Но кое-что удалось записать мне.
В рассказах Раневской распахиваются дали прожитых лет. Годы актерских странствий. Встречи со многими замечательными людьми. То Маяковский, суровый, озабоченный, стоит у окна, молча, нахмурившись читает какие-то записки и тотчас их рвет, то отворяется дверь кондитерской, где Раневская и знаменитая балерина Гельцер пьют шоколад, и входит в котелке молодой изящный поэт Мандельштам, то раскрывается дверь больничной палаты и входит Шостакович с пакетом в руках: «Я позвонил домой, мне принесли пластинки с моими квартетами, здесь есть и Восьмой, который вам полюбился»… В этих удивительных, редкостных теперь воспоминаниях перекрещиваются многие дороги искусства, вспыхивают яркие, живо схваченные портреты людей… И каких людей!

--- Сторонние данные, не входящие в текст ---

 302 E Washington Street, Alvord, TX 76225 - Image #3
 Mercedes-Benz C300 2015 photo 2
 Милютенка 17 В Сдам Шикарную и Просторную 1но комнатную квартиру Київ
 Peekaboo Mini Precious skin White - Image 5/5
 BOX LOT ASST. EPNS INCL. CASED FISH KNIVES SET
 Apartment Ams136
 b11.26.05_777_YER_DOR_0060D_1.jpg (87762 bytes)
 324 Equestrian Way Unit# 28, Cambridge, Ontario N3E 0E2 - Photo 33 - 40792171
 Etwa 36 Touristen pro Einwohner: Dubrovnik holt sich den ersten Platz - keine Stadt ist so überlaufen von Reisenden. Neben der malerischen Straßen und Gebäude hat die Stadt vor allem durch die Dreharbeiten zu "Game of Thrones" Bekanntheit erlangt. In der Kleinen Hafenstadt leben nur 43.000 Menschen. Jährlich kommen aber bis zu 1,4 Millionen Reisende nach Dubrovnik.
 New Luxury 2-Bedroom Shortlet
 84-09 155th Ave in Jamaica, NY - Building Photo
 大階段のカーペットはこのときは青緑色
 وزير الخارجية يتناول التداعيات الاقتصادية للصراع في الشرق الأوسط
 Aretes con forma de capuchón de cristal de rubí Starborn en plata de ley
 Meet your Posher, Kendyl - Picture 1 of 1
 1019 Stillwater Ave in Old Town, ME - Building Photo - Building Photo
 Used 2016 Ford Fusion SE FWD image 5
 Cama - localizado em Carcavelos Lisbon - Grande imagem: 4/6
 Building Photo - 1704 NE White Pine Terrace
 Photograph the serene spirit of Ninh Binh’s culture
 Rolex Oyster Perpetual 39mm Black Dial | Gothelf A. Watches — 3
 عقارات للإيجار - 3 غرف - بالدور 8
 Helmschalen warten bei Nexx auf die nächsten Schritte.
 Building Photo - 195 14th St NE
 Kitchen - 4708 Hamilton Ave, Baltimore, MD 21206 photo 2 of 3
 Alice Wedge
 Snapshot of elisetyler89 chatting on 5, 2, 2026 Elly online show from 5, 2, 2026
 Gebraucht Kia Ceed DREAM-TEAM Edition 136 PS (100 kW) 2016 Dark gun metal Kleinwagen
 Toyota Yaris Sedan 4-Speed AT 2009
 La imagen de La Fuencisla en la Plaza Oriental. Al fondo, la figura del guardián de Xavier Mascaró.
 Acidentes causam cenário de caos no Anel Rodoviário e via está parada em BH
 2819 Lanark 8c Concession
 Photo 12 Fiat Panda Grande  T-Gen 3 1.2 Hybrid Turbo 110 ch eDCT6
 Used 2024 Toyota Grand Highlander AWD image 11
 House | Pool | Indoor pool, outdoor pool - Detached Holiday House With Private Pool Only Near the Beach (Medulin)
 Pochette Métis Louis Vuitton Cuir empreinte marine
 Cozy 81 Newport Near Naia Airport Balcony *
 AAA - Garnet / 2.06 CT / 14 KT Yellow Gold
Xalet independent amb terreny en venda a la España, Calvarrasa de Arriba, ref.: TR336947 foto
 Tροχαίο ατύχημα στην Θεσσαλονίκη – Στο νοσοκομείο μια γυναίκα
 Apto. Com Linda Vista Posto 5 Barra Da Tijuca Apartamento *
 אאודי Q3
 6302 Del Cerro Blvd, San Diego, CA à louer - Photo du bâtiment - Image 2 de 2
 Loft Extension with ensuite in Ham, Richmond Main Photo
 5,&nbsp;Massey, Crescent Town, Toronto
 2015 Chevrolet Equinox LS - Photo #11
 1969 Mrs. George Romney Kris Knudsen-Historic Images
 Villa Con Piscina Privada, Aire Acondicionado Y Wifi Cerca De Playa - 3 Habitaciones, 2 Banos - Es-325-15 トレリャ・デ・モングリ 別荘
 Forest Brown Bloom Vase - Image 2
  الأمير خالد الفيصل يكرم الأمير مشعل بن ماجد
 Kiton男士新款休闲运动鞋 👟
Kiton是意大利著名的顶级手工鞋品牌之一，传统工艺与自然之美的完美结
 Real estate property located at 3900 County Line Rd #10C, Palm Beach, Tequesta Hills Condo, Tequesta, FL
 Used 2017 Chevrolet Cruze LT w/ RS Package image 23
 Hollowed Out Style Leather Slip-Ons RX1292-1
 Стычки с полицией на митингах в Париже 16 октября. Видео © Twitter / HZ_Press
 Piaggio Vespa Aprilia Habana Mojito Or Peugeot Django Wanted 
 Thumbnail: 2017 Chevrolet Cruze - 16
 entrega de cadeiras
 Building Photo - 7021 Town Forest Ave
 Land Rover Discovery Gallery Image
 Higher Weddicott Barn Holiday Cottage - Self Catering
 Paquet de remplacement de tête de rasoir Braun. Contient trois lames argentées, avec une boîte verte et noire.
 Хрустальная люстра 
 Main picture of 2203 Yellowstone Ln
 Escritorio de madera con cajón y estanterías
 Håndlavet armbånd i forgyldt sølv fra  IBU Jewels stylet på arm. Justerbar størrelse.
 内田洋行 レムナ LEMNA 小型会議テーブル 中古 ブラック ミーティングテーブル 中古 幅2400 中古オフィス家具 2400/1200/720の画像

— В Леонтьевском переулке я увидела пролетку, в которой проезжал Станиславский. Бросилась за ним, посылая воздушные поцелуи и крича: «Мальчик! Мальчик дорогой!» Он привстал, расхохотался (я горжусь, что его рассмешила) и показал рукой, чтобы я ушла… Буду умирать, и в каждом глазу у меня будет Станиславский в роли Крутицкого. Станиславский был в нашем деле такое же чудо, как Пушкин в поэзии.
— Для меня всегда светлым примером актерской скромности был и остается Василий Иванович Качалов. Помню, как вернулся он однажды из театра домой (мне случилось быть у него в гостях), чем-то ужасно подавленный, расстроенный. Мы сели обедать. Василий Иванович старался держаться как обычно, не выказывая никак своего настроения. А потом вдруг сказал как-то очень растерянно, горько: «Я больше не играю в „Трех сестрах“. Меня сняли с роли Вершинина». И, помолчав, добавил: «Что ж, наверное, это справедливо. Болдуман моложе и красивее меня». Это был Качалов. Великий артист.
— Михоэлс, Корнейчук и я. Ужин в «Континентале» — гостинице в Киеве. Ужин затянулся до рассвета. Я любуюсь Михоэлсом, он шутит, смешит, но вдруг делается печальным, я испытываю чувство влюбленной, я не отрываю глаз от его чудесного лица. Уставшая девушка-подавальщица приносит очередное что-то вкусное. Михоэлс расплачивается и дарит подавальщице сто рублей — в то время, перед войной, большие деньги. Я с удивлением смотрю на С. М. Он шепчет, наклонившись ко мне: «Знаете, дорогая моя, пусть она думает, что я сумасшедший». Я говорю: «Боже мой, как я люблю вас».
— Я была летом в Алма-Ате. Мы гуляли по ночам с Эйзенштейном. Горы вокруг. Спросила: «У вас нет такого ощущения, что мы на небе?» Он сказал: «Да. Когда я был в Швейцарии, то чувствовал то же самое». — «Мы так высоко, что мне Бога хочется схватить за бороду». Он рассмеялся… Мы были дружны. Эйзенштейна мучило окружение. Его мучили козявки. Очень тяжело быть гением среди козявок.